**ASSIGNED TASK**
Lines from the one containing "поверхности. Графика Роскосмоса" through the end of the material are to be retyped exactly; do not copy pictures.

**STORED DATA**
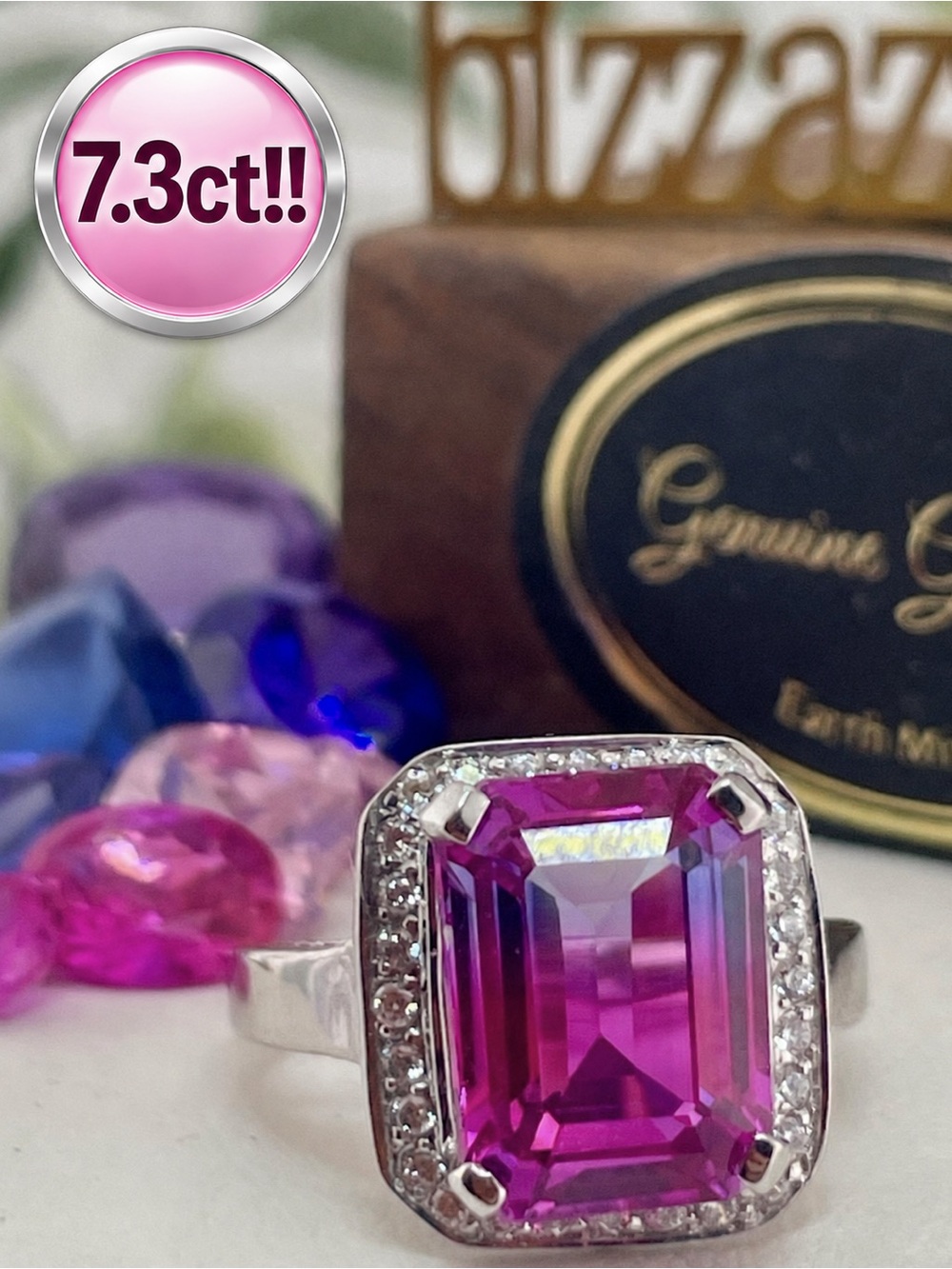 Parti-Sapphire Bi-color Purple Pink white Bi- Color multi-color silver 925 Ring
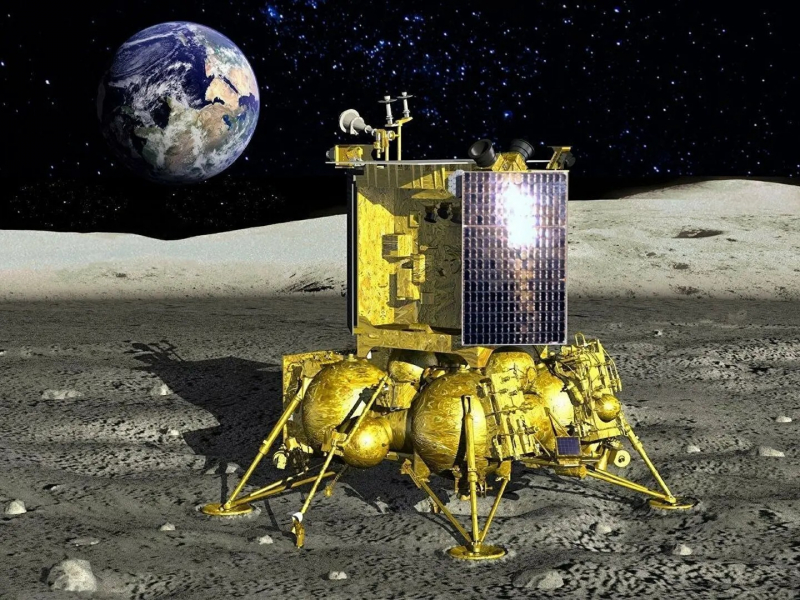  «Луна-25» на поверхности. Графика Роскосмоса 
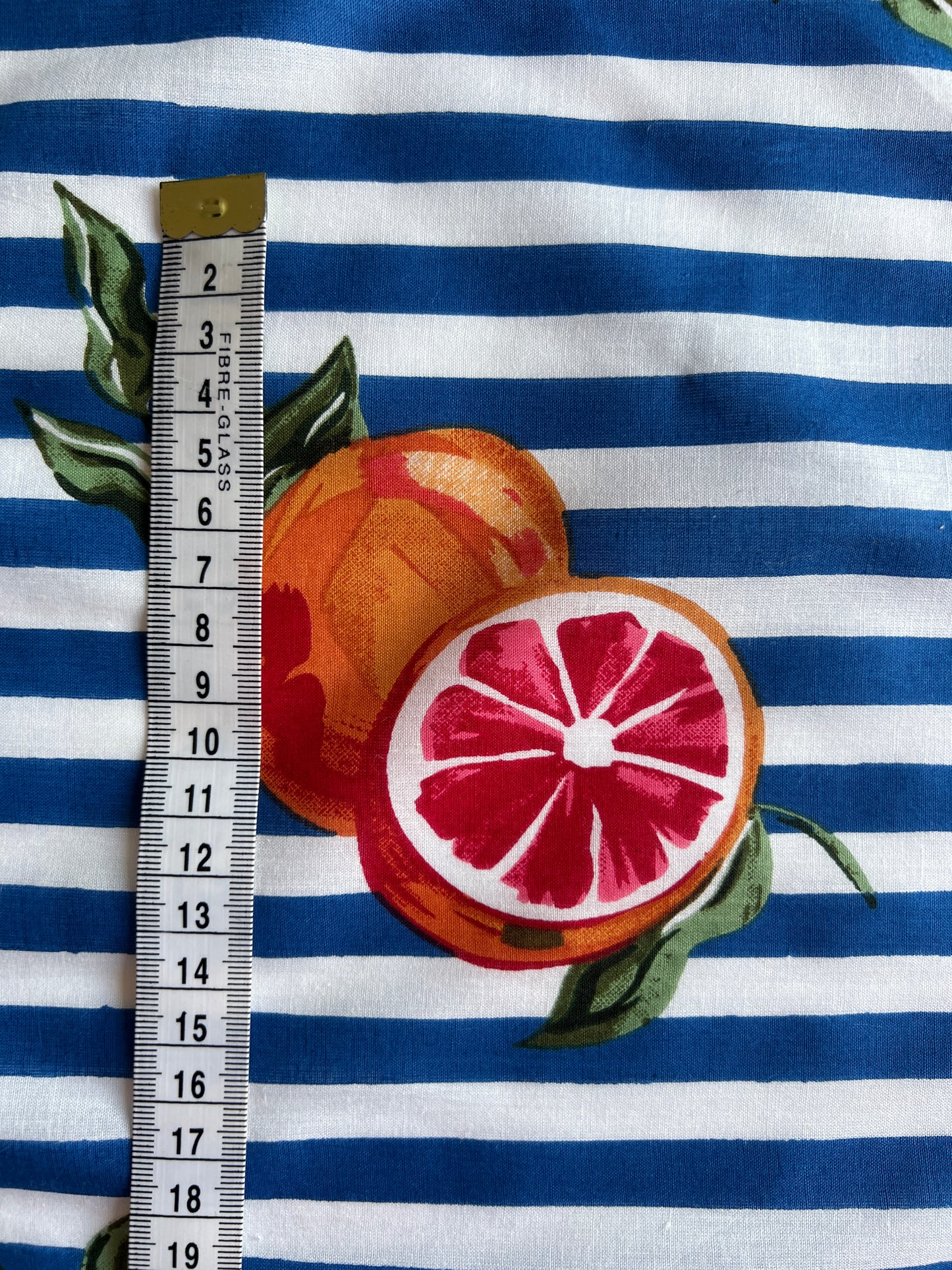 cotton fabric | aperol spritz blue stripe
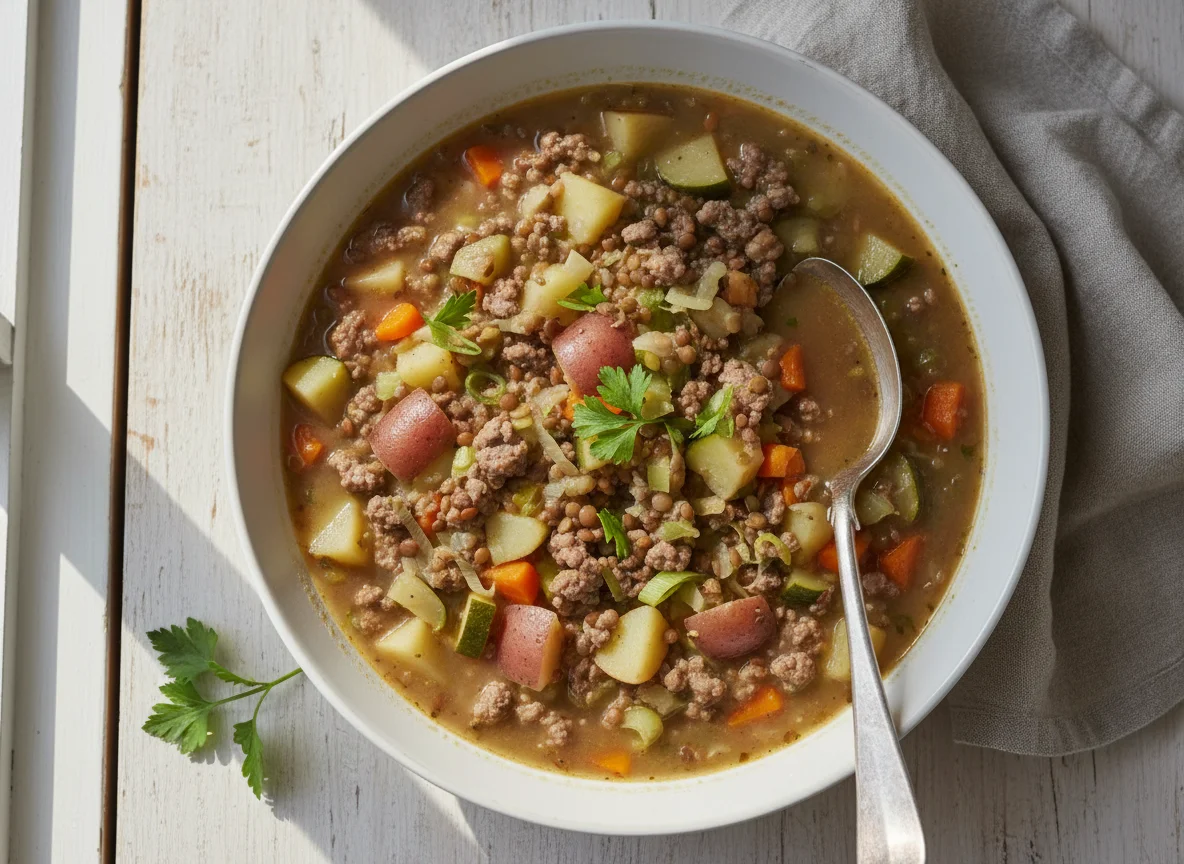 Eintopf mit Kartoffeln, Hackfleisch und Linsen photo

**ANSWER SECTION**
  «Луна-25» на поверхности. Графика Роскосмоса 
 cotton fabric | aperol spritz blue stripe
 Eintopf mit Kartoffeln, Hackfleisch und Linsen photo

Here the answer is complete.